In questo periodo infatti Leopardi è innamorato della nobildonna Fanny Targioni Tozzetti.

Il sentimento rivela la sua natura ingannevole.


Le Operette Morali

Leopardi ha ventun anni quando comincia a pensare alla scrittura di un’operea letteraria in prosa.

Egli abbraccia infatti il proposito di scrivere un testo che contenga la sua riflessione filosofica e la diffonda tra i lettori contemporanei: non però un trattato teorico, bensì un’opera d’invenzione.

In questo stesso anno, come testimoniano gli appunto dello Zibaldone, matura il pensiero negativo riguardo alla condizione umana e al tempo presente.

Il diminutivo “operette” allude sia alla dimensione dei testi che compongono l’opera, sia al carattere apparentemente lieve e talvolta scherzoso della scrittura, mentre l’aggettivo “morali” si riferisce al loro contenuto di pensiero.

Le Operette Morali di Leopardi si presentano come un libro fuori moda, respingente per la sua filosofia negativa e scritto in una lingua tanto elevata da potere essere apprezzata da pochi.

Leopardi non resta indifferente all’incomprensione dei lettori, che anzi patisce come un vero e proprio rifiuto personale; egli infatti ha concentrato in quel libro l’essenza del suo pensiero e della sua vita.

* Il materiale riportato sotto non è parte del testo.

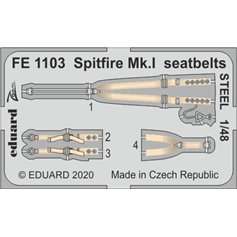 Eduard ZOOM STEEL 1:48 Pasy bezpieczeństwa do Supermarine Spitfire Mk.I dla Airfix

Le incomprensioni e le critiche non scoraggiano tuttavia Leopardi, che continua a investire nel progetto le proprie energie intellettuali e a scrivere nuovi testi da inserire nelle edizioni successive.

L’edizione finale delle Operette morali costituita da ventiquattro testi, esce postuma a Firenze.

Le Operette Morali si presentano quindi come un insieme di testi di lunghezza e forma diverse, distribuiti nel libro secondo un disegno che esisteva nella intenzioni dell’autore, ma che risulta dififcile ricostruire.

Leopardi insiste sull’unità filosofica dell’opera, aggiungendo che la leggerezza della forma è soltanto esteriore, il “ridicolo” non è infatti al servizio di una vana evasione ma è un potente strumento per scardinare i luoghi comuni del pensiero.

Le operette hanno forme molteplici: novelle, racconti mitologici, monologhi, biografie fantasiose.

Molte hanno la struttura del dialogo, che consente di mettere a confronto punti di vista opposti sulla stessa questione.

I principali temi sono:

  • La teorica del piacere, desiderato e mai sperimentabile;
  • L’indifferenza della natura;
  • L’importanza dell’immaginazione.

L’elemento unificante delle operette è lo stile ironico, l’attitudine al sorriso che si applica su tutto, anche sui contenuti più tragici.

La scrittura delle operette è curatissima ed elegante, senza nessuna concessione alla facile comunicabilità.

Leopardi si propone di creare una nuova lingua italiana, libera, ricca e varia.

Nella sua scrittura egli cerca la varietà dei registri, compreso quello popolare, accosta liberatmente parole che appartengono al passato e al presente.

L’obiettivo dichiarato è di offrire agli italiani un modello di lingua illustre, adatta alla scrittura di contenuti alti, che si avvalga delle molteplici potenzialità dell’italiano.